Write a solution to calculate the number of unique subjects each teacher teaches in the university.  

Return the result table in **any order**.

---

## Example

### Input:  
`Teacher` table:
| teacher_id | subject_id | dept_id |
|------------|------------|---------|
| 1          | 2          | 3       |
| 1          | 2          | 4       |
| 1          | 3          | 3       |
| 2          | 1          | 1       |
| 2          | 2          | 1       |
| 2          | 3          | 1       |
| 2          | 4          | 1       |

---

### Output:
| teacher_id | cnt |
|------------|-----|
| 1          | 2   |
| 2          | 4   |

---

### Explanation:
#### Teacher 1:
- Teaches **subject 2** in departments **3** and **4**.
- Teaches **subject 3** in department **3**.  
Unique subjects taught: **2**.

#### Teacher 2:
- Teaches **subject 1** in department **1**.
- Teaches **subject 2** in department **1**.
- Teaches **subject 3** in department **1**.
- Teaches **subject 4** in department **1**.  
Unique subjects taught: **4**.


In [None]:
def count_unique_subjects(teacher: pd.DataFrame) -> pd.DataFrame:
    unique_subjects = teacher.drop_duplicates(['teacher_id', 'subject_id'])
    result = unique_subjects.groupby('teacher_id')['subject_id'].count().reset_index()
    result.columns = ['teacher_id', 'cnt']
    return result

In [None]:
# another solution 250 ms
def count_unique_subjects(teacher: pd.DataFrame) -> pd.DataFrame:
    return teacher.groupby('teacher_id', as_index=False)['subject_id'].nunique().rename(columns={'subject_id':'cnt'})
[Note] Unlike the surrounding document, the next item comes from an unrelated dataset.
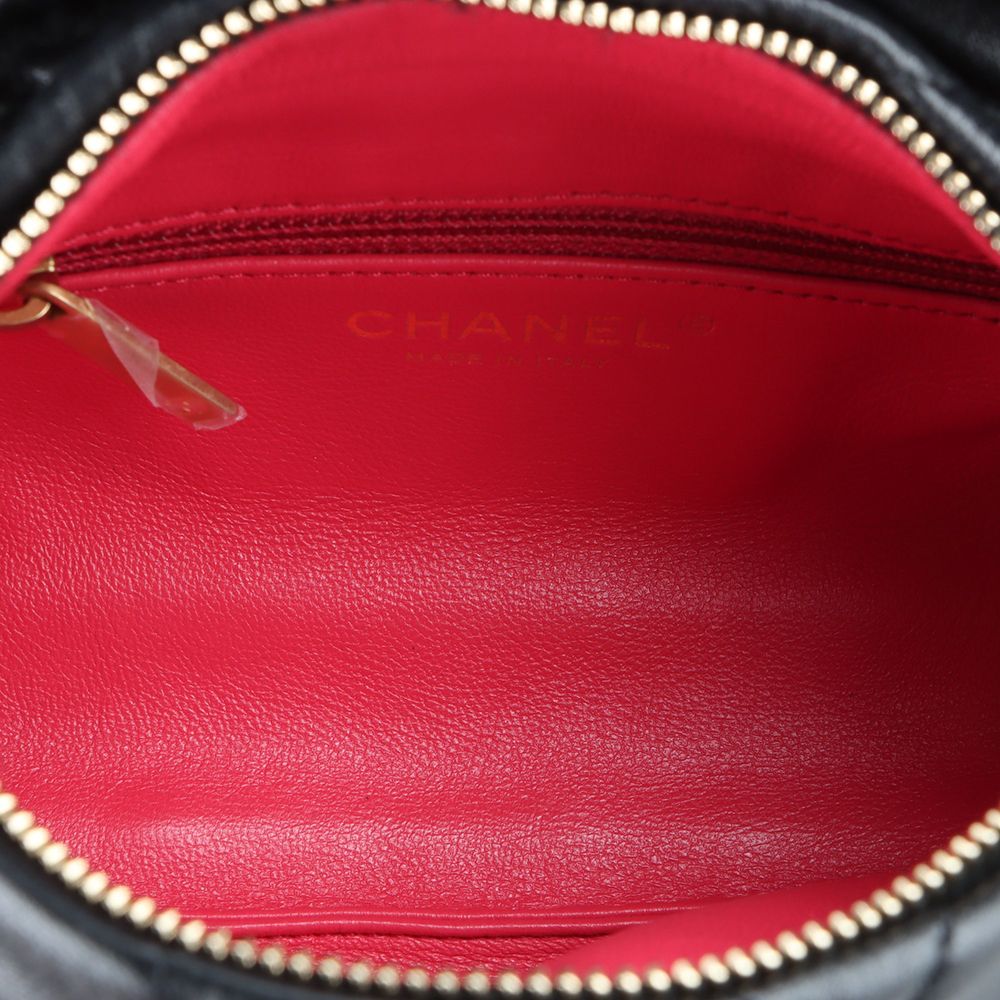 CHANEL Crinkled Lamb Goldmetal Small Hobo Bag 32900-1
# 596. Classes More Than 5 Students

**Difficulty:** Easy  
**Topics:** SQL, Pandas

---

### Table: Courses

| Column Name | Type    |
|-------------|---------|
| student     | varchar |
| class       | varchar |

- *(student, class)* is the primary key (combination of columns with unique values) for this table.
- Each row of this table indicates the name of a student and the class in which they are enrolled.

---

### Problem

Write a solution to find all the classes that have at least five students.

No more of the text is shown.